## PROBLEM TO SOLVE
Write out, from the entries below, exactly the lines that run between the lines holding "Romney Ryan Mitt" and "Haut de maillot", inclusive, and stop there.
Start of AVAILABLE DATA
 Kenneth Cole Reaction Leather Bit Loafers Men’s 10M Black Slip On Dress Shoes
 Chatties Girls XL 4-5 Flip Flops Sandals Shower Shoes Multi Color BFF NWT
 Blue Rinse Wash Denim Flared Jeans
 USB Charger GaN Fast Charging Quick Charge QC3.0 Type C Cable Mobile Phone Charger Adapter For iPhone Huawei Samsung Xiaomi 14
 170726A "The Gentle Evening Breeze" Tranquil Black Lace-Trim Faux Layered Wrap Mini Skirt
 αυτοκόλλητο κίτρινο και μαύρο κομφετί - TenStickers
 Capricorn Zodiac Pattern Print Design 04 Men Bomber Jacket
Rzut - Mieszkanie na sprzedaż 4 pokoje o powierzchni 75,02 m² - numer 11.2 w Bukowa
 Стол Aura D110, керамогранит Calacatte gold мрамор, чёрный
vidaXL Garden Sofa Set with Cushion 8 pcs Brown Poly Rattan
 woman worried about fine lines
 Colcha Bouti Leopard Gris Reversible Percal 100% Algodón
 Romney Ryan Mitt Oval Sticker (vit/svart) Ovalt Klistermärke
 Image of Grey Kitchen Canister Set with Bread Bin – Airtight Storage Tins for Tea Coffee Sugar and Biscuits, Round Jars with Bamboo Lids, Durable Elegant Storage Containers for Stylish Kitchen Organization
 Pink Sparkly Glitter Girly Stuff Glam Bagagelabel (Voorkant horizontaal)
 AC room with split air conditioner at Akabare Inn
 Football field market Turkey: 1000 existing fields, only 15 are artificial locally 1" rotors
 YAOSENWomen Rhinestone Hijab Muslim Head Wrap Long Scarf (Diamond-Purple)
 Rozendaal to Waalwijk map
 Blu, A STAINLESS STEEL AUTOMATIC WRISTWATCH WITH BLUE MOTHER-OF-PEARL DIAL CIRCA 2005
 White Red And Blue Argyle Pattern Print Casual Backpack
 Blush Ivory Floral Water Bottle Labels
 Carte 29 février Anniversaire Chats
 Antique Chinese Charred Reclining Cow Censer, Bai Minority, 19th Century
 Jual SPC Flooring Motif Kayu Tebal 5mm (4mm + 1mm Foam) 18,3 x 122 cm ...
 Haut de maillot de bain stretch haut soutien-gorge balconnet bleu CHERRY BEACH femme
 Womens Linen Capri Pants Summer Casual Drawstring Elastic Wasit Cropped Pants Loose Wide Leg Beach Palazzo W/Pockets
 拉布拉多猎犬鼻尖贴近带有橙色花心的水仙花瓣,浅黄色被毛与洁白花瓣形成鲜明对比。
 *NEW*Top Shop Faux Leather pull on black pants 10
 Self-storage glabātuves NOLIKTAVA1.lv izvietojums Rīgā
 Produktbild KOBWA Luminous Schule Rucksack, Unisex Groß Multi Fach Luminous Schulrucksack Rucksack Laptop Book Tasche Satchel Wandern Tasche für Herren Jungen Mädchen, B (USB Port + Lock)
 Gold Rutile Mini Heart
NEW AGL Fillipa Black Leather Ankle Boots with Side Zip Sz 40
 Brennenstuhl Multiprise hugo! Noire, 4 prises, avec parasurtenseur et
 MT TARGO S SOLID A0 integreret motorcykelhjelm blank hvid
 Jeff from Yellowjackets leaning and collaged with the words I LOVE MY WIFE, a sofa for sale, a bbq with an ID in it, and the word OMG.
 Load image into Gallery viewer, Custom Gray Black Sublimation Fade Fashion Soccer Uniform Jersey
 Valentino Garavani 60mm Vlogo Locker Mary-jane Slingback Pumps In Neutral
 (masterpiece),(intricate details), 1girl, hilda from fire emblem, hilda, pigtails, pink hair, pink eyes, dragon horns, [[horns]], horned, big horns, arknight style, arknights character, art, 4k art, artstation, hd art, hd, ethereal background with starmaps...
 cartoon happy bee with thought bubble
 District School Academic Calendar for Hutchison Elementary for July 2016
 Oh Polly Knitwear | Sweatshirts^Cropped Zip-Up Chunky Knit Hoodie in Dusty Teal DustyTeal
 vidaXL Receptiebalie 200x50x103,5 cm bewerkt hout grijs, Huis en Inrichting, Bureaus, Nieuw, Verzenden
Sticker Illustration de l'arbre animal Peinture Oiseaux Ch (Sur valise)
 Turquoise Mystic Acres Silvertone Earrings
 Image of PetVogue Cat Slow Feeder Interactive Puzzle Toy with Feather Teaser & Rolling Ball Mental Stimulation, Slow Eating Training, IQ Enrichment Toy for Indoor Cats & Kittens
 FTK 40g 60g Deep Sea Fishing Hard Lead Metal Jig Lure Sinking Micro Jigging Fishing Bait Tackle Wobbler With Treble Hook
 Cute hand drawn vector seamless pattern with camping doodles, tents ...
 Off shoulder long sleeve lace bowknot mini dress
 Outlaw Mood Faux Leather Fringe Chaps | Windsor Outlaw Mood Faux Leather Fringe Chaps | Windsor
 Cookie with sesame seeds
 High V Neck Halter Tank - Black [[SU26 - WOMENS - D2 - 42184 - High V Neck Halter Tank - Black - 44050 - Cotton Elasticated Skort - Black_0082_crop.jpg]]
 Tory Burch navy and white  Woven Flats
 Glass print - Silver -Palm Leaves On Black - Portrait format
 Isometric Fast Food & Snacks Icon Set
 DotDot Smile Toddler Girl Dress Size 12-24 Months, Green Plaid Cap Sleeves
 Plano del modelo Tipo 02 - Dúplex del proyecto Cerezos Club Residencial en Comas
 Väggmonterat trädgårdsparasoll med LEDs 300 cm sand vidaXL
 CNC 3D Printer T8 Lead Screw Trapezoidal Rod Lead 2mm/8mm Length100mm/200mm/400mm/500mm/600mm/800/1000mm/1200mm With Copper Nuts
End of AVAILABLE DATA
## YOUR SOLUTION
 Romney Ryan Mitt Oval Sticker (vit/svart) Ovalt Klistermärke
 Image of Grey Kitchen Canister Set with Bread Bin – Airtight Storage Tins for Tea Coffee Sugar and Biscuits, Round Jars with Bamboo Lids, Durable Elegant Storage Containers for Stylish Kitchen Organization
 Pink Sparkly Glitter Girly Stuff Glam Bagagelabel (Voorkant horizontaal)
 AC room with split air conditioner at Akabare Inn
 Football field market Turkey: 1000 existing fields, only 15 are artificial locally 1" rotors
 YAOSENWomen Rhinestone Hijab Muslim Head Wrap Long Scarf (Diamond-Purple)
 Rozendaal to Waalwijk map
 Blu, A STAINLESS STEEL AUTOMATIC WRISTWATCH WITH BLUE MOTHER-OF-PEARL DIAL CIRCA 2005
 White Red And Blue Argyle Pattern Print Casual Backpack
 Blush Ivory Floral Water Bottle Labels
 Carte 29 février Anniversaire Chats
 Antique Chinese Charred Reclining Cow Censer, Bai Minority, 19th Century
 Jual SPC Flooring Motif Kayu Tebal 5mm (4mm + 1mm Foam) 18,3 x 122 cm ...
 Haut de maillot de bain stretch haut soutien-gorge balconnet bleu CHERRY BEACH femme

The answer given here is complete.